Date and Time
Bath Royal Literary and Scientific Institution, 16-18 Queen Square, Bath BA1 2HN
The 2004 magnitude 9.1 earthquake and resulting tsunami originated on the subduction zone margin offshore North Sumatra (part of the Sunda subduction zone system). The resulting tsunami killed more than 200,000 people, devastating large coastal regions around the Indian Ocean, in particular in North Sumatra (Aceh) and Thailand.
Since the earthquake, a large number of countries, in collaboration with Indonesia, have invested in collection of geological and geophysical data in order to better understand the structure of this subduction zone and its potential for large earthquakes and tsunami. The data are also important for a general understanding of these processes and of other subduction zones worldwide. The UK has played a significant role in this effort. This talk will show some of the results of data collected in projects over the last few years, including those led by UK scientists. This includes marine geophysical data that images below the seafloor to show the structure of the subduction zone and the properties of the faults that move and generate the earthquakes. Sediment cores sampling the upper few metres below the seafloor have also been collected to see where submarine sediment flows were triggered by the earthquake shaking in 2004 and in previous earthquakes.
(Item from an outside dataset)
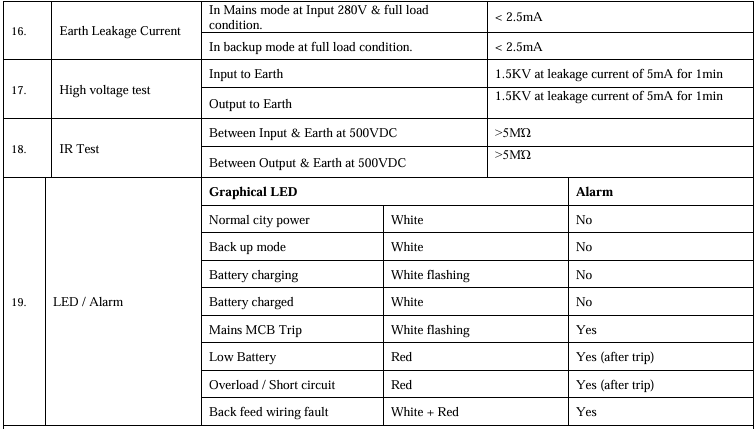 Smart UPS/Inverter with Bluetooth mobile application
Finally, in 2016, an expedition of the international Integrated Ocean Discovery Program (IODP: scientific ocean drilling) drilled the sediments coming into the subduction zone. These sediments, which originate from the Himalaya and Tibetan Plateau, form the tectonic plate boundary fault – their properties ultimately control the behaviour of the fault. Drilling and sampling of these sediments has now provided information about the properties of the fault zone and why it generated such a large earthquake and tsunami.